Met de invoering van het Wetboek vennootschappen en verenigingen (WVV) is ook aan de VZW-wet een eind gekomen. De VZW valt nu niet alleen onder het ondernemingsbegrip, maar de wetgever heeft ervoor geopteerd om ook de VZW’s aan het wetboek te onderwerpen. Dit heeft niet alleen gevolgen op het vlak van extra te vervullen formaliteiten. Er zijn daarnaast ook een aantal punten die de aandacht verdienen bij de oprichting van of de aanpassing van de statuten van een VZW.
VZW als onderneming
In 2018 heeft het begrip ‘handelaar’ plaats geruimd voor het begrip ‘onderneming’. Volgens het Wetboek Economisch Recht valt onder meer elke rechtspersoon onder dit ondernemingsbegrip en zo-ook de VZW. Hierbij een overzicht van de voornaamste gevolgen van deze switch:
Inschrijving in de KBO
“Iedere geregistreerde entiteit wordt in de Kruispuntbank van Ondernemingen ingeschreven en verkrijgt op het ogenblik van de inschrijving een ondernemings- of vestigigingseenheidnummer. Dit nummer vormt hun uniek identificatienummer.”
Elke rechtspersoon naar Belgisch recht of met zetel in België en dus ook de VZW kwalificeert als geregistreerde entiteit.
De inschrijving in de KBO verloopt doorgaans via een Ondernemingsloket naar keuze én is voor VZW’s – althans voorlopig – kosteloos.
UBO-registratie
De VZW is tevens onderworpen aan de verplichting om haar uiteindelijke begunstigden (UBO’s) te registreren in het UBO-register.
De volgende personen kwalificeren als UBO van een VZW:
- De leden van het bestuursorgaan;
- De gemachtigden om de vereniging te vertegenwoordigen bv. via een bijzondere volmacht verkregen van het bestuursorgaan;
- De personen gelast met het dagelijks bestuur;
- De (de categorie van) natuurlijke personen in wier hoofdzakelijk belang de VZW werd opgericht of werkzaam is. Vb. alle leerlingen van Oost-vlaanderen.
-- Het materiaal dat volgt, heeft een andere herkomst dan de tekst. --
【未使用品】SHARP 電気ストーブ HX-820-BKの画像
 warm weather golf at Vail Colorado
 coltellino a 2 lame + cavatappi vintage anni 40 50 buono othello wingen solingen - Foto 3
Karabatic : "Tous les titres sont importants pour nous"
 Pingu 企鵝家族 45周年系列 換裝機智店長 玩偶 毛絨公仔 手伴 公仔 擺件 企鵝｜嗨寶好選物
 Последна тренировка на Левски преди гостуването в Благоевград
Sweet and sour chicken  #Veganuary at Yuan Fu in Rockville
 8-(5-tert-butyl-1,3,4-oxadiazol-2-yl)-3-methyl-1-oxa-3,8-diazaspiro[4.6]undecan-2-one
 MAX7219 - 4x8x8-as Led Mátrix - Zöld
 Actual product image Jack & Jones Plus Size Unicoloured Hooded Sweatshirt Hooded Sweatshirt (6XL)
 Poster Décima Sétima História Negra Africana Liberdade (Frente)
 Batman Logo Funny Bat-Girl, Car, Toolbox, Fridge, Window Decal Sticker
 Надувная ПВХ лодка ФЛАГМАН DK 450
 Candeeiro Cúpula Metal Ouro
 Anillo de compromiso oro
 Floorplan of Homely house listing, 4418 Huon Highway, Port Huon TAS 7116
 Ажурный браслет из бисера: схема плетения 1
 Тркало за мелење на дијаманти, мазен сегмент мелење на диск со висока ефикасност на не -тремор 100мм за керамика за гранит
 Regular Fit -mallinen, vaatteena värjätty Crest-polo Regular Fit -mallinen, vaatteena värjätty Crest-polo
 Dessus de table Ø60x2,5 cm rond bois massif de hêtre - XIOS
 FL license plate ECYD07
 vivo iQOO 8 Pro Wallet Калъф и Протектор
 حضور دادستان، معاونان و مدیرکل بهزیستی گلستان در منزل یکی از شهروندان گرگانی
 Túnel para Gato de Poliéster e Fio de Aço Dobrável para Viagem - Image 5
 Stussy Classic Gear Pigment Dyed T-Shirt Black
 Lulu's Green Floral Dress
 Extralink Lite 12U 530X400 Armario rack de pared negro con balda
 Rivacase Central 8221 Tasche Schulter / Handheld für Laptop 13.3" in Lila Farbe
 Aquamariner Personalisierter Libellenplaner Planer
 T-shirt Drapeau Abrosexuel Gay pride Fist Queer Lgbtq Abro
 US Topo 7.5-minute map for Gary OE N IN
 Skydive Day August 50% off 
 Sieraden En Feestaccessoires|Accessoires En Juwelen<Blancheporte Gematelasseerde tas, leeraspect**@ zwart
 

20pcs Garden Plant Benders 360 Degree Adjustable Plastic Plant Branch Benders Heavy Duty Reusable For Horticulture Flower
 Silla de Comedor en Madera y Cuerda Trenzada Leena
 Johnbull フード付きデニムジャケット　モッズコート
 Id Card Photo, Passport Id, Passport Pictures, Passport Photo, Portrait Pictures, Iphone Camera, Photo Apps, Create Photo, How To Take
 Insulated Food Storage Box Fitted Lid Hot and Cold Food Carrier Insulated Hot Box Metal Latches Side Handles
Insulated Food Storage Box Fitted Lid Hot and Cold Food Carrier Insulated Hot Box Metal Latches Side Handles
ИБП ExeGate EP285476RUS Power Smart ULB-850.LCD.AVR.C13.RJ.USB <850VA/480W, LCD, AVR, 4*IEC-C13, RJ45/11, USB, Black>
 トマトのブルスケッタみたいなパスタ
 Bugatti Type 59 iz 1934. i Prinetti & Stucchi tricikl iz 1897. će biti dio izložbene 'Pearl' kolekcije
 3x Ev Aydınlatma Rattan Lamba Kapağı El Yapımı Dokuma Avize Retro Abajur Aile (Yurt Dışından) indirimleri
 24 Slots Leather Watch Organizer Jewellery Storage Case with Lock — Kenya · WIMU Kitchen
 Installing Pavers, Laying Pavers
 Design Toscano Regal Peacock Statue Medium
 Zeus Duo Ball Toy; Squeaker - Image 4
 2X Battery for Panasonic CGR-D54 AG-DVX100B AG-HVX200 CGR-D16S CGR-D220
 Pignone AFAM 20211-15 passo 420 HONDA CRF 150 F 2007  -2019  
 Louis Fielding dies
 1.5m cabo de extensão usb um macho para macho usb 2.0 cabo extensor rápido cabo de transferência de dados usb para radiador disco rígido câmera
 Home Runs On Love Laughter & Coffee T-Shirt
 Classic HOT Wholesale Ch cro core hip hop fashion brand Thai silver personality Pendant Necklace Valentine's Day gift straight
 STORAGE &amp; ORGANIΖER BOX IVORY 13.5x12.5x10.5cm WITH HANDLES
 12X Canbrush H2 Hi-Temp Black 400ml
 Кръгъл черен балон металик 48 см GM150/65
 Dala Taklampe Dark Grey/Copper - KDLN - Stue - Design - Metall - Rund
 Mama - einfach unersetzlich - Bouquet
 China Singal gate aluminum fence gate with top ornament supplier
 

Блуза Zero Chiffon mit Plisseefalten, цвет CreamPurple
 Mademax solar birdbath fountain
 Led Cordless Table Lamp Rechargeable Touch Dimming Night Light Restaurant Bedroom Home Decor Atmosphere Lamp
Belangrijk om hierbij te noteren is dat – in tegenstelling tot wat geldt voor vennootschappen – het niet volstaat om slechts één van voormelde items (bv. enkel de leden van het bestuursorgaan) te registreren. De categorieën van UBO’s zijn cumulatief. Naargelang het geval zijn er steeds minstens twee categorieën te registreren: elke VZW heeft een bestuursorgaan en elke VZW heeft (een groep van) natuurlijke personen waarvoor zij bestaat.
Faillissementen en bestuurdersaansprakelijkheid
Ook de vroegere faillissementswet en de WCO-wet hebben in 2018 hun onderdak gevonden in het Wetboek Economisch Recht waardoor de relevante bepalingen eveneens op VZW’s van toepassing zijn.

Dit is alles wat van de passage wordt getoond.